Activity:
Could you retype the material, starting at its first line and ending with the line holding "网络博彩平台评测皇冠新2娱乐 | 罗欣药业(002793.SZ)：控股鞭策偏激一致行径东谈主累计减抓2.2%股份", and keep the pictures out?

Extracted records:
········
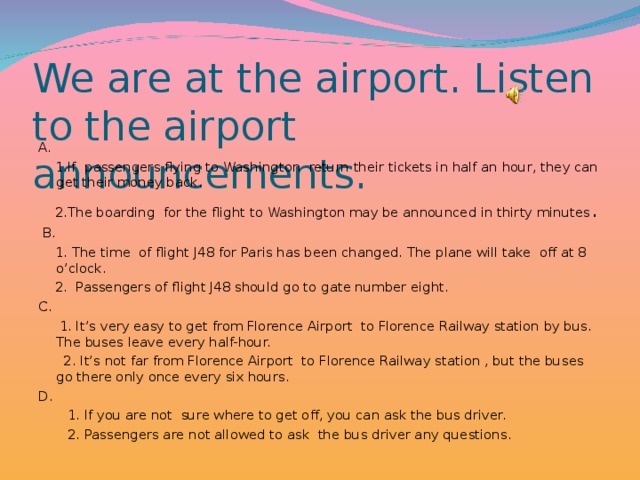 We are at the airport. Listen to the airport announcements. A.  1. If passengers flying to Washington return their tickets in half an hour, they can get their money back.  2.The boarding for the flight to Washington may be announced in thirty minutes .  B.  1. The time of flight J48 for Paris has been changed. The plane will take off at 8 o’clock.  2. Passengers of flight J48 should go to gate number eight. C.  1. It’s very easy to get from Florence Airport to Florence Railway station by bus. The buses leave every half-hour.  2. It’s not far from Florence Airport to Florence Railway station , but the buses go there only once every six hours. D.  1. If you are not sure where to get off, you can ask the bus driver.  2. Passengers are not allowed to ask the bus driver any questions.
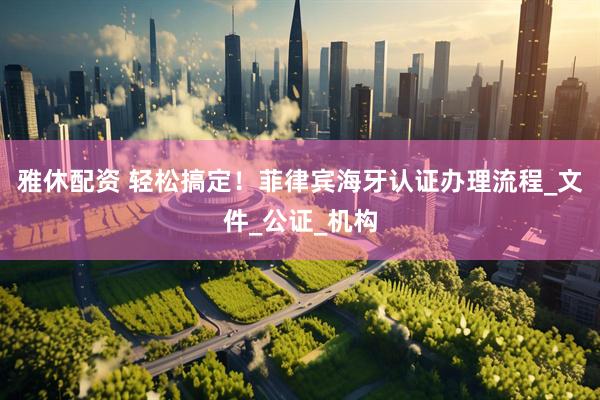 雅休配资 轻松搞定！菲律宾海牙认证办理流程_文件_公证_机构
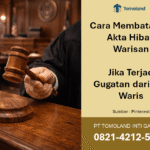 Cara Membatalkan Akta Hibah Warisan Jika Terjadi Gugatan dari Ahli Waris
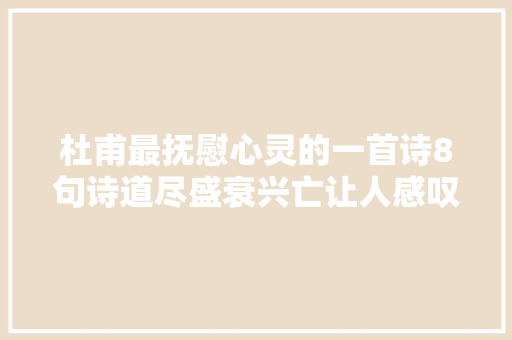杜甫最抚慰心灵的一首诗8句诗道尽盛衰兴亡让人感叹世事无常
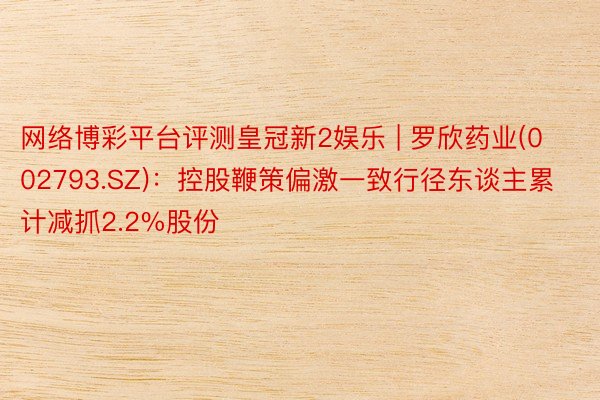 网络博彩平台评测皇冠新2娱乐 | 罗欣药业(002793.SZ)：控股鞭策偏激一致行径东谈主累计减抓2.2%股份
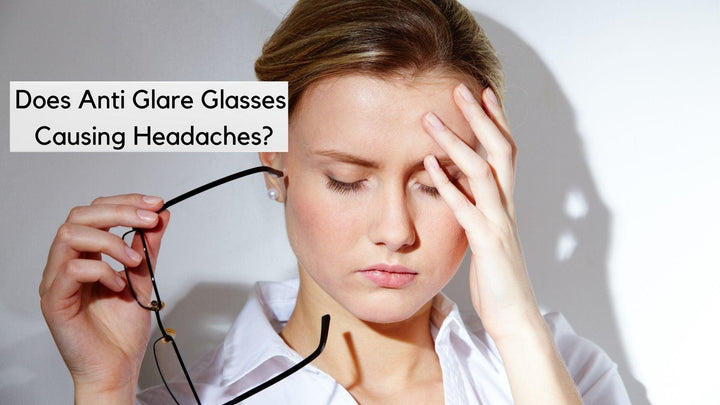 Does Anti Glare Glasses Causing Headaches? - RX-able.com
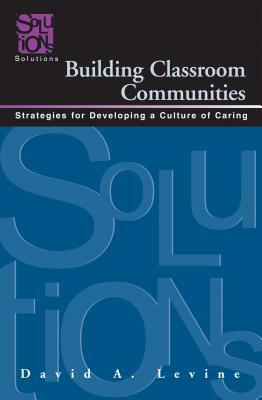 Building Classroom Communities: Strategies for Developing a Culture of Caring by David Levine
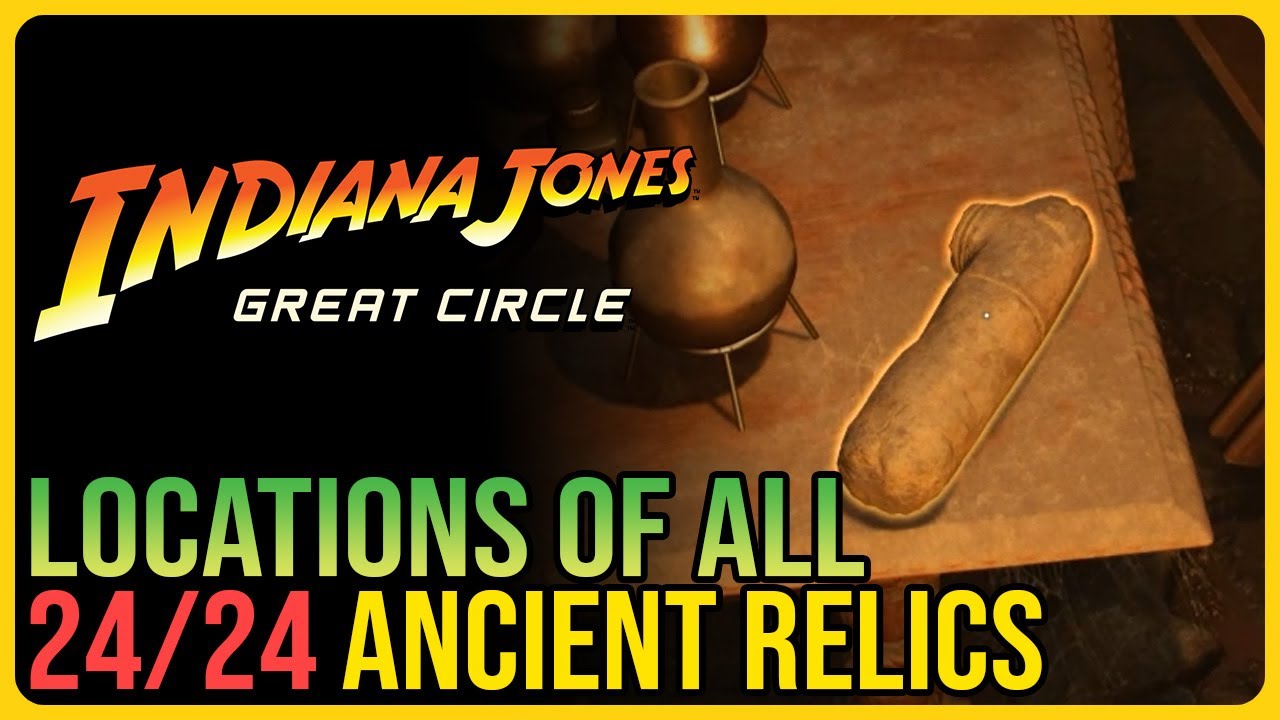 All 24 Sukhothai Ancient Relics Indiana Jones and the Great Circle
········
Solution to this exercise:
 We are at the airport. Listen to the airport announcements. A.  1. If passengers flying to Washington return their tickets in half an hour, they can get their money back.  2.The boarding for the flight to Washington may be announced in thirty minutes .  B.  1. The time of flight J48 for Paris has been changed. The plane will take off at 8 o’clock.  2. Passengers of flight J48 should go to gate number eight. C.  1. It’s very easy to get from Florence Airport to Florence Railway station by bus. The buses leave every half-hour.  2. It’s not far from Florence Airport to Florence Railway station , but the buses go there only once every six hours. D.  1. If you are not sure where to get off, you can ask the bus driver.  2. Passengers are not allowed to ask the bus driver any questions.
 雅休配资 轻松搞定！菲律宾海牙认证办理流程_文件_公证_机构
 Cara Membatalkan Akta Hibah Warisan Jika Terjadi Gugatan dari Ahli Waris
杜甫最抚慰心灵的一首诗8句诗道尽盛衰兴亡让人感叹世事无常
 网络博彩平台评测皇冠新2娱乐 | 罗欣药业(002793.SZ)：控股鞭策偏激一致行径东谈主累计减抓2.2%股份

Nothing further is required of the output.